If a product name has “ko” as a prefix, its hairs have been matured for more than 30 years. We have many inquiries about the quality level of the different goat hairs, which is shown below. Individual products of the same quality level may have different prices.


Mane and tail hairs of a horse are traded at a premium. The price of Japanese horse hair is several times higher than that of Chinese. Japanese horse hairs deliver a more delicate, softer stroke.

3. Bristle Finish

  • Normal: A somewhat rounded bristle. With more prolonged usage, its hair volume decreases, and thus it will become easier to manipulate.
  • Zurashi: With less hair volume than the normal finish, its toe can split and close easily. Some calligraphers can even draw the fine lines of their seals with it. It delivers a thinner, sharper first stroke
  • Sakiyose: Its thicker bristle provides a grander stroke, but is harder to manipulate.

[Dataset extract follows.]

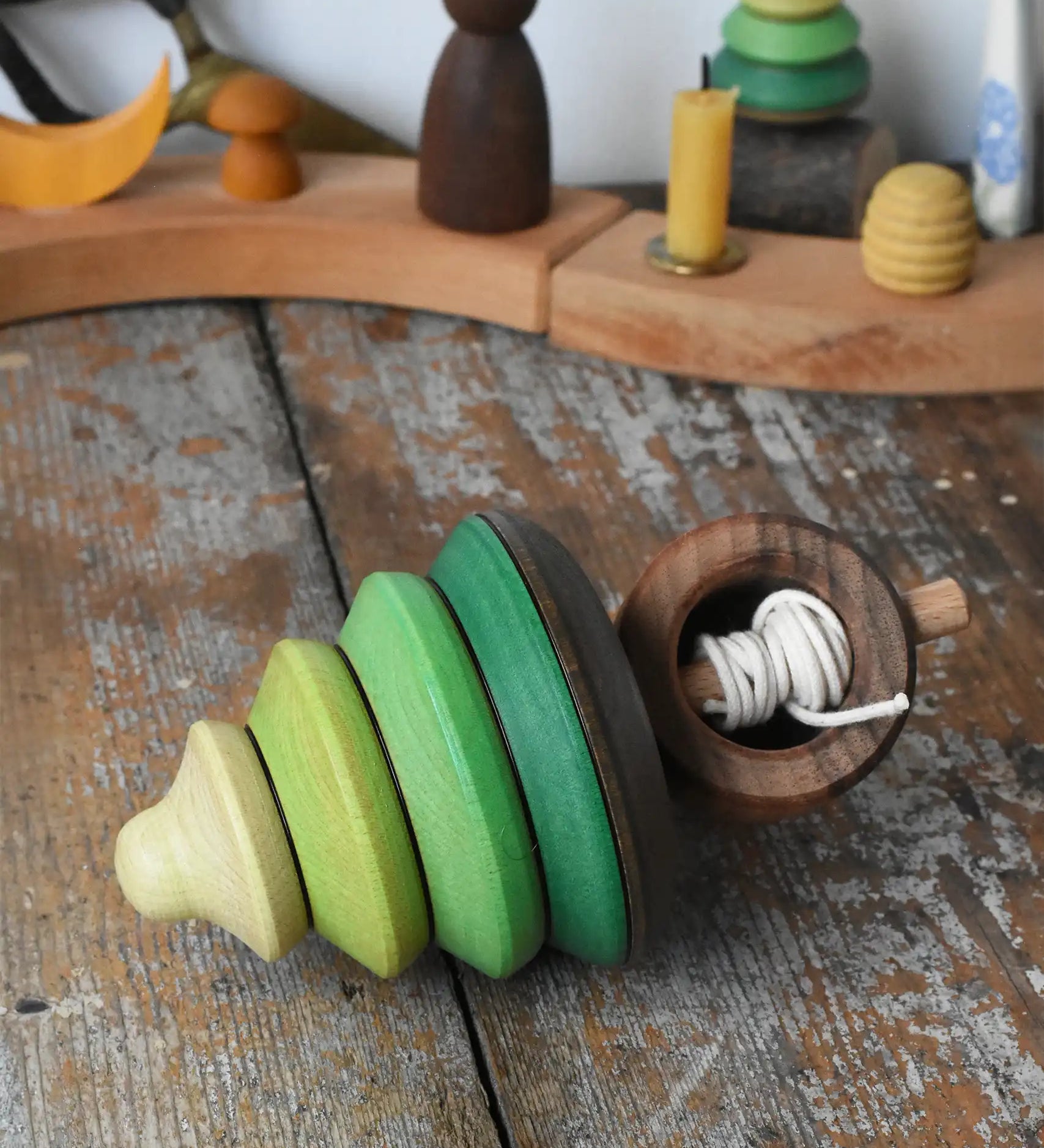 Mader pull-string tree spinning top placed on a wooden surface in the Babipur playroom.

The proper handling of your fude

1. Initial Use - Softening up the starch-glued hairs


  • Large brush

    Using the tips of your fingers, gently rub the hairs back and forth to loosen up the strands. Start from the tip of the brush and slowly move down towards the thicker area.
    Do not press the starched hairs against a hard surface as it may damages the entire brush.
    If the hairs are firmly glued, rub them gently in lukewarm water. When the hairs are loosened up, wipe off the moisture.
    You may use the brush once its hairs become softer.

  • Small brush

    Soften up only one-third of the hair length starting from the tip and use that part only for writing.
    Applying the same softening method as the large brush, use the tips of your fingers to rub them gently, again slowly moving down from the tip.

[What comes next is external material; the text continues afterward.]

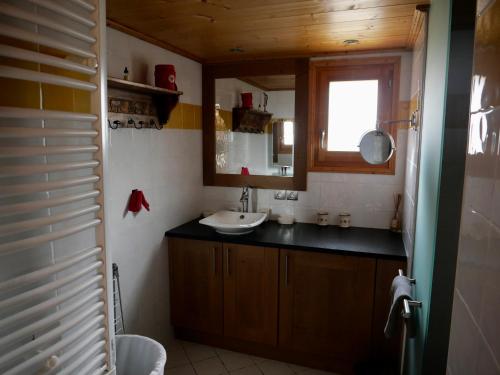 a bathroom with a sink and a mirror and a window at Résidence Les Chardons Argentés in Samoëns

2. Washing and Maintenance

  • Large brush

    a. Fill a bowl with water. Place the hairs into it and gently rub their roots with the tips of your fingers in order to wash out leftover ink. Change the water and repeat the same action until no ink comes out.*1
    b. After rinsing thoroughly, squeeze out the moisture by lightly pinching the hairs with the tips of your fingers.
    c. When the moisture is removed, arrange the hairs in a cone shape.*2*3


  • Small brush

    a. Carefully rinse only the ink-soaked hair tip with water, or
    b. rotate the brush horizontally and gently rub the ink-soaked hair tip on a piece of wet paper to wipe off the ink. Repeat this process until the ink on the paper becomes thinner.
    c. When the moisture is removed, arrange the hairs into a cone shape.*2*3

    *1. Do not use soap or washing detergent. If ink is left to dry at the hair roots, it will cause split hair tips, and damaged hairs.
    *2. Do not put a cap over the brush tip. If the hairs are not completely dried, they will become musty and deteriorate thus causing loose and broken hairs.
    *3. If the hairs are dried without proper shaping, they will become tousled and thus be unsuitable for effective use the next time.





3. Drying

  • A. Find a well-ventilated shady area (or some place indoors)
  • B. Hang the brush with a brush tip down while maintaining the cone shape of the hairs.
  • C. Dry the hairs completely
  • * Beware of mold during a damp season.
  • * Special brush-hanging unit ("hikka") can be used.